- Aim of the task -
Below is a listing with pictures in it; transcribe exactly the lines from the one that has "Velcro - Stick" through the one that has "Dillon Küpe - Yeşil", and omit those pictures.

- Records for the task -
= = =

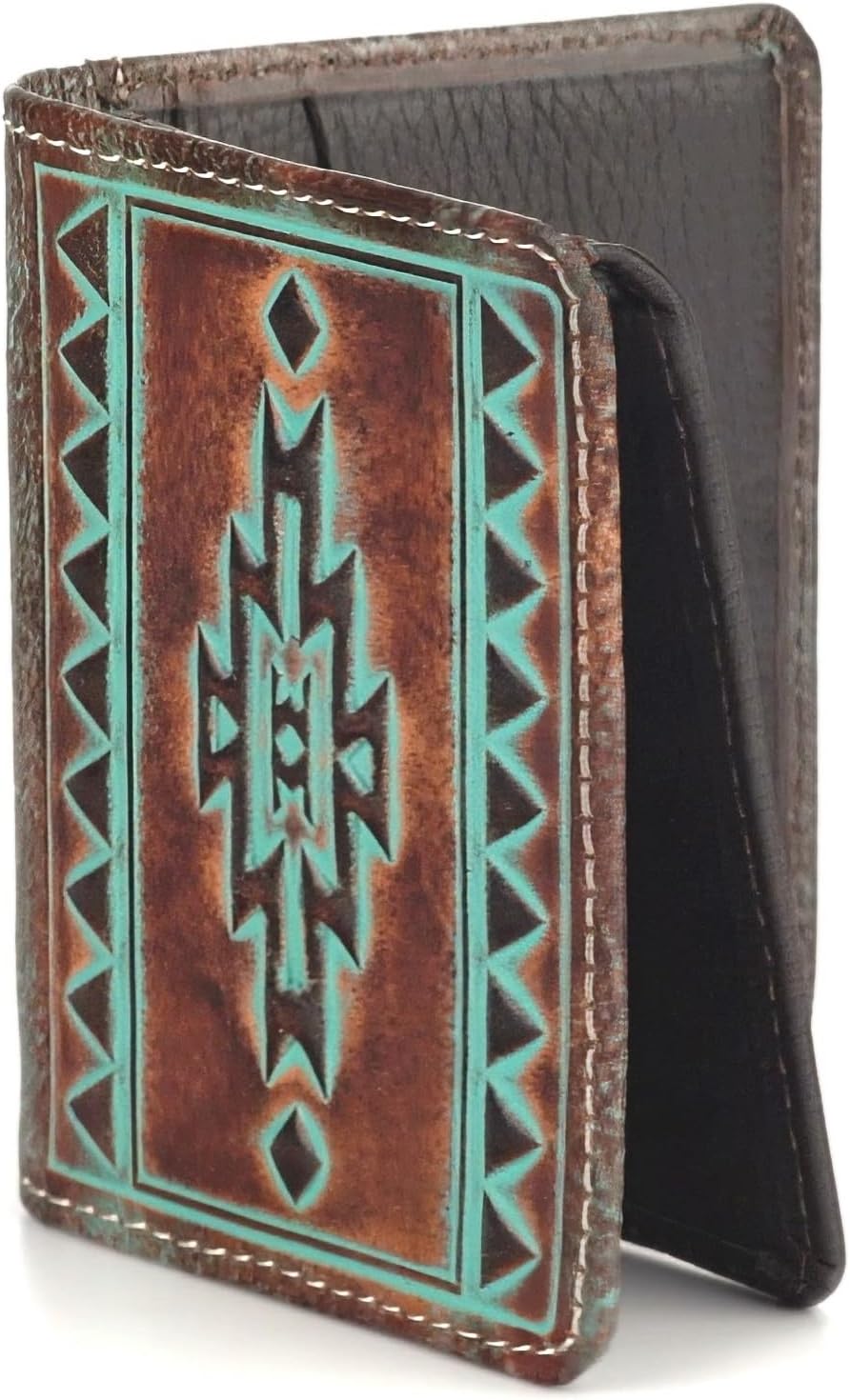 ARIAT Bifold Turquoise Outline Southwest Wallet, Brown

= = =

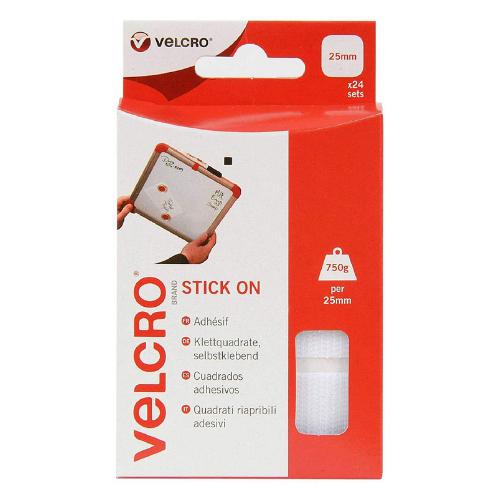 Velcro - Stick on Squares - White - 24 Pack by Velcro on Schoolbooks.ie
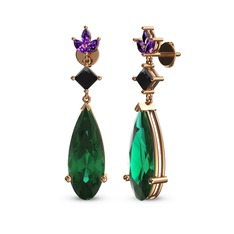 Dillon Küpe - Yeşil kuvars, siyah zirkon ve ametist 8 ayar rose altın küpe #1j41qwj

= = =

- Output -
 Velcro - Stick on Squares - White - 24 Pack by Velcro on Schoolbooks.ie
 Dillon Küpe - Yeşil kuvars, siyah zirkon ve ametist 8 ayar rose altın küpe #1j41qwj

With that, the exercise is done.